A California court has given the same answer in State v. Stevenson, 5 Cal.App.3d 60, 84 Cal.Rptr. 742. In a condemnation case the expert testified as to value of the Subject property and supported his opinion by quoting sales prices of certain comparables.

On cross-examination he was asked as to whether or not he had not, out of court earlier, expressed an opinion as to a much higher value for one of the comparables.

Opposing counsel objected by reason of Evidence Code section 822 which states that inadmissible in evidence are opinions as to values of Non-subject properties.

The court held that where the purpose is to impeach the credibility of the expert's testimony his out of court opinion evidence, to the contrary, may be introduced.

The statement once admitted may be used for the truth of the matter stated therein (California v. Green, 399 U.S. 149, at p. 161, 90 S.Ct. 1930, 26 L.Ed.2d 489). It is not material that the statement is out-of-court and hearsay because the declarant was in court available for cross-examination, and in fact, favorable to the defense (California v. Green, supra, 399 U.S. at p. 149, 90 S.Ct. 1930).

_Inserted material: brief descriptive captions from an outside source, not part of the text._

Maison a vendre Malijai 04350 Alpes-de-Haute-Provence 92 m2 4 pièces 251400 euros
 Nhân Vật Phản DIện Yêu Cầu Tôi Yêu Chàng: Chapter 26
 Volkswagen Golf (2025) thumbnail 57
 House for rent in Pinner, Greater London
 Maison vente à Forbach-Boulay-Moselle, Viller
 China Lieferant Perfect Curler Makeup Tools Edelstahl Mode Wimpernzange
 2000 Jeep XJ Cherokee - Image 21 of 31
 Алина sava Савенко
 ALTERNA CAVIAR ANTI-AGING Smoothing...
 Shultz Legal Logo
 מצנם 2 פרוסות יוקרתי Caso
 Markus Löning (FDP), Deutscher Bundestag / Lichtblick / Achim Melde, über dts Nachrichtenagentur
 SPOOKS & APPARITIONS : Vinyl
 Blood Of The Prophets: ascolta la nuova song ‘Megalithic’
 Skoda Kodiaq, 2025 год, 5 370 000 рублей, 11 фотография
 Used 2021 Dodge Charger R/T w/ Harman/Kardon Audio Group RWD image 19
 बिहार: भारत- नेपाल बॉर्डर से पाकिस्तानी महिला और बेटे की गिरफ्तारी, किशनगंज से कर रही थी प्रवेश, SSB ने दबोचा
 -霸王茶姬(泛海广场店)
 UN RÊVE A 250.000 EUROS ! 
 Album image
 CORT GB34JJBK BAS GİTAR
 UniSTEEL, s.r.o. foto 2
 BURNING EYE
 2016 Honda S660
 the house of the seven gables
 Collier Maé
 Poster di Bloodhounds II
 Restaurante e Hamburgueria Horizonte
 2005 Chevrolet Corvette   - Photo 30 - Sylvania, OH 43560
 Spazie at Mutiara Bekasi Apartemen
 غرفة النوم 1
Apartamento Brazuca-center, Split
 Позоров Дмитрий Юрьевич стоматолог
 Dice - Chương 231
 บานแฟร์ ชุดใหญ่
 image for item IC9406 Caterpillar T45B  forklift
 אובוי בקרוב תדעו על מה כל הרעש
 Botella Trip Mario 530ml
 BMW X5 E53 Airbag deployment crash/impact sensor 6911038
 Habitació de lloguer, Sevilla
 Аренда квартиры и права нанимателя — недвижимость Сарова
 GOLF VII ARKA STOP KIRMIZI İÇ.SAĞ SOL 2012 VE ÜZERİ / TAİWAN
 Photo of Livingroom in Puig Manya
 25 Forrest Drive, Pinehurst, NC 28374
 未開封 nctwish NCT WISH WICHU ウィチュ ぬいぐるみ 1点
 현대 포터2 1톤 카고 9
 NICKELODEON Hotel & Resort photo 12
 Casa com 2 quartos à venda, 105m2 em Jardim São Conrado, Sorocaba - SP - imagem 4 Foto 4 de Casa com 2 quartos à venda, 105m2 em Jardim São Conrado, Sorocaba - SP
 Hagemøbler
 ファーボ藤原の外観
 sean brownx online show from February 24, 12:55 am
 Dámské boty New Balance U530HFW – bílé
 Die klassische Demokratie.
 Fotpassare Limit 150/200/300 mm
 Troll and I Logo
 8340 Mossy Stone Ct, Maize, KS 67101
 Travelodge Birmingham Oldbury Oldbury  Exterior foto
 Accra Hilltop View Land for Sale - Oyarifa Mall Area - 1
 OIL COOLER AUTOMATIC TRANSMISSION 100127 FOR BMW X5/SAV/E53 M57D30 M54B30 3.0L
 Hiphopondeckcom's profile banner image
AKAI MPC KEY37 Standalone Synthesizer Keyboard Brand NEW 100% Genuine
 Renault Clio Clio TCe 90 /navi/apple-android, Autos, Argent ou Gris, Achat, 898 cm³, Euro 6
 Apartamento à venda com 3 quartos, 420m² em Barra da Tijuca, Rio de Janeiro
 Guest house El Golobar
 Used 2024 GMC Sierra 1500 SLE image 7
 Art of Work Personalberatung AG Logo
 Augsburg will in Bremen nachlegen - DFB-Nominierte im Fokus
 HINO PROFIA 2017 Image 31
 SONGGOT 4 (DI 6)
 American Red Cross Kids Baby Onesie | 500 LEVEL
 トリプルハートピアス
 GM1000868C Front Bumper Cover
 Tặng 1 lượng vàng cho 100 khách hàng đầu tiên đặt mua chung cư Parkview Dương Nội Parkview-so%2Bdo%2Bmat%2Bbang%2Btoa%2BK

The fact that the statement was in the form of an opinion that 'Moreno provoked the incident' does not make it inadmissible because of the modern trend toward the admissibility of factual conclusions of lay witnesses phrased in the form of opinions.

Modern rule of admissibility of opinions: If the facts cannot be accurately or adequately stated so that the lay witness can only testify to what he...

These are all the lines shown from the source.